A casa da Marvel e DC no Brasil modificou sua grade editorial, fez alguns cortes e diminuiu o preço de algumas revistas. Mas, será que o consumidor saiu realmente ganhando? Não sou nenhum matemático ou contador, mas os cálculos são bem simples. Ainda resta saber exatamente quais serão as revistas de cada mix, mas, sinceramente, especialmente com a Marvel, fica claro que trata-se de um aumento dos preços, senão vejamos:

Hoje – 100 páginas (com as capas) = R$ 7,95 ou R$ 0.0795 por folha.

Revolução – 76 páginas (com as capas) = R$ 6,50 ou R$ 0.085 por folha.

Além destas, teremos as novas revistas com 148 páginas.

Revistas com 148 paginas = R$ 14,90 ou R$ 0.10 por folha.

Ou seja, hoje, pagamos nas mensais bem mais barato do que iremos pagar com essa revolução. Ainda, se levarmos em conta os preços das Marvel Apresenta, por exemplo, a nº 46 do Justiceiro no Reino Sombrio, que saiu por R$ 17,90 e tinha 156 páginas, cada página sai por pouco mais de R$ 0,11 ao leitor. Guerra do Reis, que tem 140 páginas, está saindo por R$ 16,90 ou seja, à R$ 0,12 por página.

Claro que a conta seria injusta caso não abordássemos o assunto da adequação do mercado e gastos com gráfica. As tiragens das revistas maiores serão reduzidas. Isso implica claramente em um aumento de custo para as gráficas, que, não conseguem diluir o preço de cada prensagem em muitas edições, o que obriga a Panini a repassar o aumento de custo para o leitor, porém nosso mercado de super-heróis sempre foi estagnado. A estratégia da revolução só tem a ver com a parte econômica, e porque não, social, do ato de comprar um quadrinho.

Como discutido em nossa visita à Mythos, algumas revistas são afundadoras de mixes, como é o caso de Hulk e Quarteto Fantástico, ou seja, quem quiser ler, que desembolse mais para cobrir os gastos de publicar essas bombas.
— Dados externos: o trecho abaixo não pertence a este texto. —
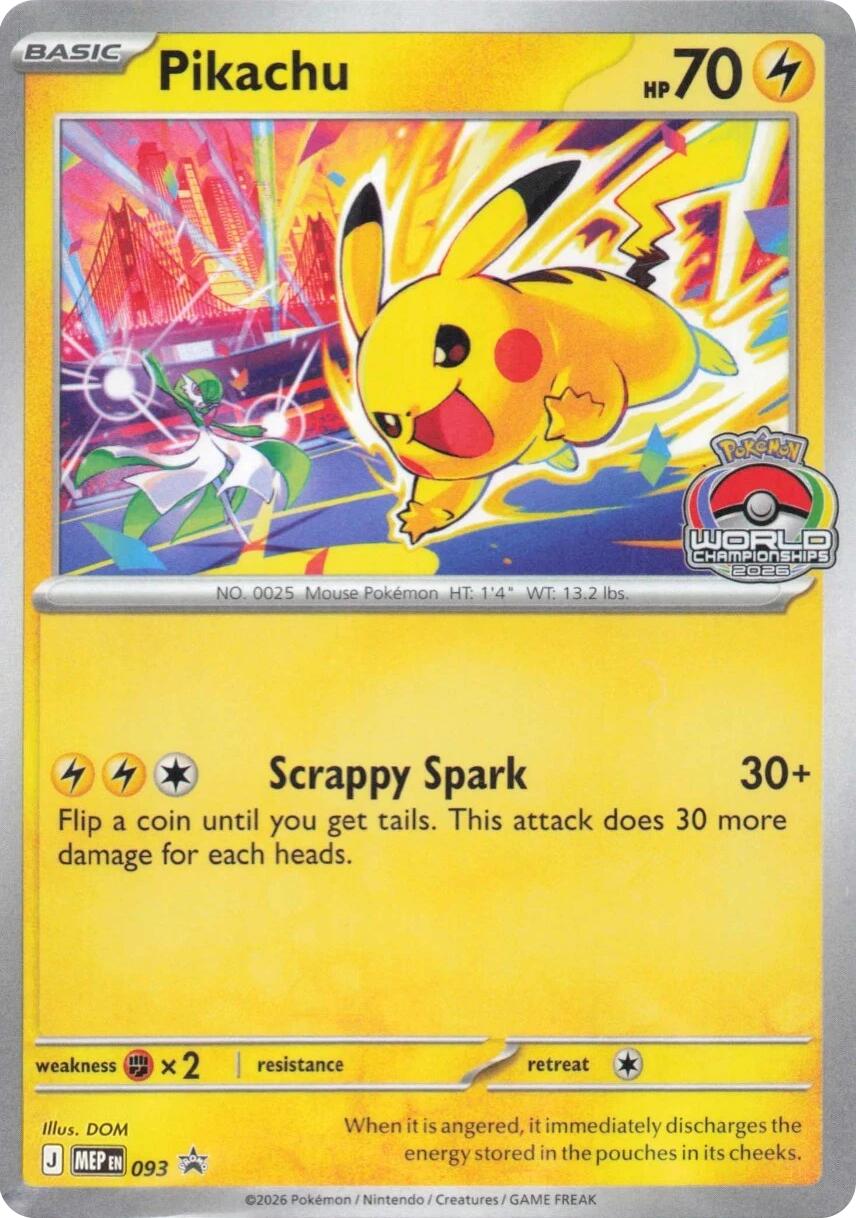 Pikachu (093) [Mega Evolution Promo] | Exor Games Dartmouth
Por outro lado, os heróis mais famosos como X-Men, Wolverine e Homem-Aranha vão ser usados para tentar reaquecer as vendas com revistas menores e mais baratas.

Percebe-se porém pelos comentários na internet, via twitter ou outros meios, que a editora novamente corroborou o que Fernando Lopes nos disse quando o entrevistamos na visita à Mythos: Se voltar ao formatinho desse lucro, já estaríamos nele de novo. Quem manda nessa revolução é o povo que paga os salários dos editores e demais funcionários responsáveis pelos quadrinhos da Panini e, por mais que os editores da Panini/Mythos tenham amor pelo conteúdo, essa revolução já estava marcada para acontecer e eles não tem poder de veto.
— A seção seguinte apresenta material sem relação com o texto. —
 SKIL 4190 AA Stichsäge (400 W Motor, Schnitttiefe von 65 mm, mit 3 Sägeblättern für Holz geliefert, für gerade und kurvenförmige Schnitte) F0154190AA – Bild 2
O staff da editora conhece bem seu público e também a força da internet como formadora de opiniões, ou seja, não deve arriscar novamente com algo que poderá ser espancado ainda no berço da notícia. Enquanto isso, esperamos que a empresa não pratique mais nenhuma “revolução” tão cedo, e continue sem aumentar os preços por um bom tempo.